[Date Prev][Date Next][Thread Prev][Thread Next][Date Index][Thread Index]
Re: UTF8 above U+10FFFF treated inconsistently
From: |
Jason C. Kwan |
Subject: |
Re: UTF8 above U+10FFFF treated inconsistently |
Date: |
Mon, 27 Sep 2021 18:17:23 -0400 |
Dear Arnold
It’s merely a set of bytes as input :
\073\145\037\366\254\271\230\131\000
A while loop that subs away the first character repeatedly , lobbed off via
sprintf ( % . 1 s ) , will see the string properly sliced out byte by byte,
since sprintf( % . 1 s ) gives either a full unicode character , single or
multi-byte , if the leading side bytes are well formed, or simply the first
byte, if it cannot locate any well formed UTF8 sequence at index position 1 (in
awk lingo, or 0 in C)
sub( ) and sprintf( ) are working exactly as expected, since the 4 byte
sequence starting at \366 is above U+10FFFF
however, if one directly applies the split function on a character by character
basis, ie -
split ( str, arr, // )
those 4 bytes starting with \366 will be grouped together into a single cell
within the array.
As a quick refresher, the 4 byte UTF8 structure has a leading byte resembling
1111 0xxx
which, hypothetically, allows for up to
\367\277\277\277 aka F7 BF BF BF,
before necessitating a 5 byte sequence , if caps of 0x10FFFF were not
explicitly enforced (since the earliest of UTF8 draft proposals have mentioned
up to 6 byte sequences, something I’ve also observed in source codes for some
other open source softwares as well. I’ve only reached out to u guys first cuz
the wellness of awk is what I care about, first and foremost.
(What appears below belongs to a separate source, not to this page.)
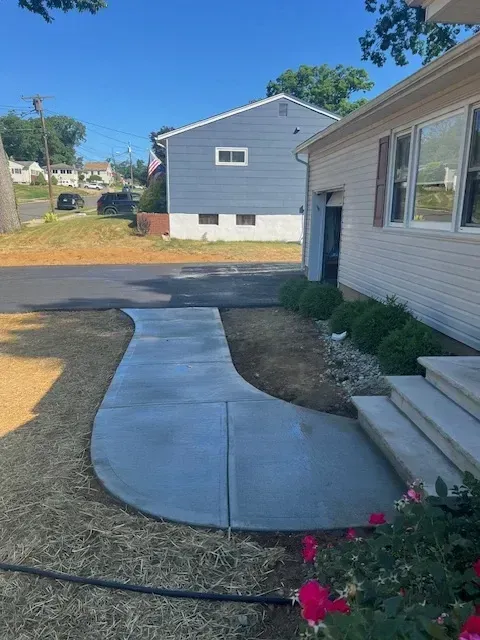 Curved concrete walkway leading from the front steps of a house to the driveway, with surrounding landscaping under development, featuring bushes and freshly planted flowers. A blue house and neighborhood street are visible in the background.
it saddens me to see many in the world ignore awk and think it’s nothing more
than a glorified sed or underpowered Perl, depending on who u ask, and not
leveraging its immense potential cuz they only see it as a legacy dinosaur.
For the longest time, I myself have been misled, thinking awk is only for
tidying inputs at the Makefile stage before binary compilations. I was wrong,
for blindly following the concensus. I only discovered awk 3 years ago, but I
see awk as the future, not the past)
That byte sequence contains 9 bytes but only 5 valid UTF8 code points, which is
the result you will observe if fed into gnu wc.
sub( ) gsub( ) and sprintf ( ) are working flawlessly, but the split( )
function returns a 6 count array instead of 9 count.
im using standard gawk 5.1.0, binary sourced from Homebrew, on enUS.UTF8
locale, on macOS 11.
If this is indeed an underlying C library issue, then I shall reach out to the
gnu LIBC team instead. Thanks for your time.
Regards,
Jason K
> Jason C. Kwan <jasonckwan@yahoo.com>於2021年9月10日 00:14寫道:
>
> \073\145\037\366\254\271\230\131\000